Dies alles gibt die Satzung der LO nicht her. Die Satzung verbietet den Ostpreußen eine Annexion geradezu, ohne daß man den Vertriebenen mangels entsprechender Initiativen so etwas überhaupt verbieten müßte. Das klare Bekenntnis auch zur Charta der Heimatvertriebenen von 1950, welche den Verzicht auf Gewalt und Rache beinhaltet, ist ein deutliches Indiz gegen jegliche Annexionsbestrebung der Ostpreußen und erst recht gegen einen entsprechenden Satzungsauftrag der Landsmannschaft Ostpreußen. Staatliche Gebietsänderungen, wie sie z.B. in der KSZE-Schlußakte nach internationalem Recht durchaus vorgesehen sind, so verdeutlicht die LO-Satzung, können nur einvernehmlich, friedlich und eben ohne Zwang erfolgen.

Auf ein letztes: Die PDS kann sich mit der Behauptung in der Kleinen Anfrage – bei genauer Betrachtung – noch nicht einmal auf eine rein etymologische Deutung des Begriffs der "Annexion", also auf den "friedlichen" Landerwerb, berufen. Denn eine vermeintlich friedliche Annexion kann den Frieden in Europa, wie von der PDS nur einen Satz darauf dargelegt, wohl kaum gefährden – gerade weil sie einen friedlichen Charakter hat.

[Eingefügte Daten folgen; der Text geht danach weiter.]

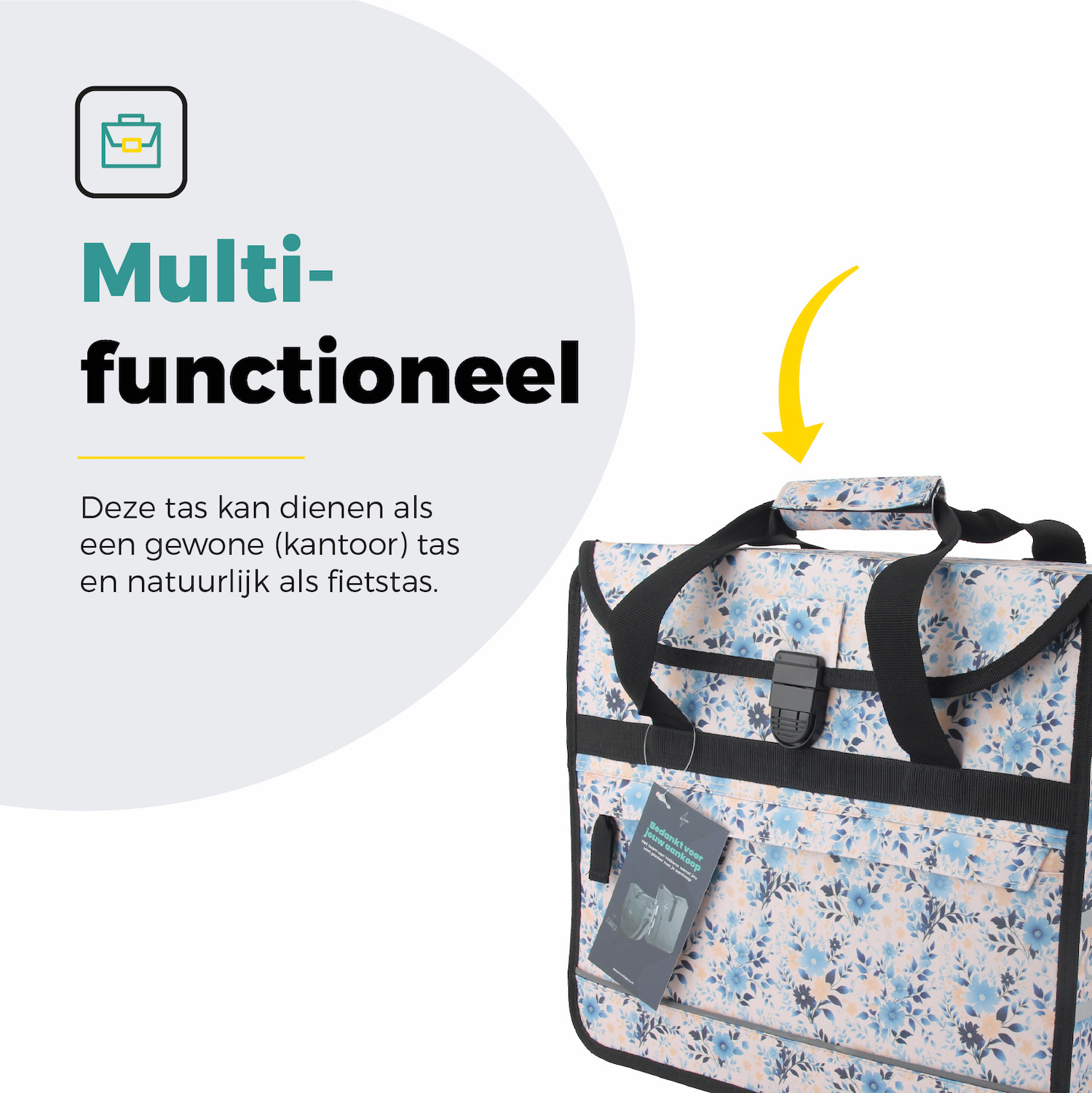 Voltano Voorgevormde Enkele Fietstas / Pakaftas - Light Flowers- 17L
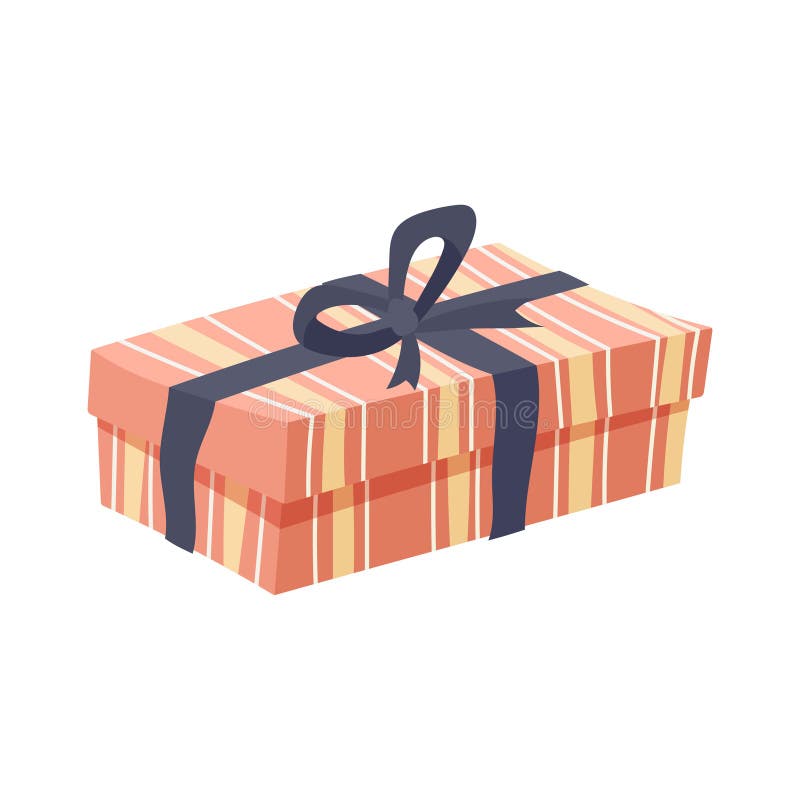 Vector Cartoon Illustration of a Gift Box. Festive Wrap Striped Packaging  and Knotted Ribbon Bow. Secret Boxes with a Surprise for Stock Vector -  Illustration of anniversary, celebration: 224621641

Die Meinungsfreiheit nach Artikel 5 des Grundgesetzes geht weit, weit auch für die PDS. Dies ist in einer Demokratie gut so und schützenswürdig. Aber auch das Grundrecht auf Meinungsfreiheit geht nicht soweit, daß dem Beweis zugängliche Tatsachen im Rahmen der Meinungsäußerung in das Gegenteil verkehrt werden dürfen und eine Diffamierung die Folge ist. Noch stehen das Persönlichkeitsrecht und die Menschenwürde davor.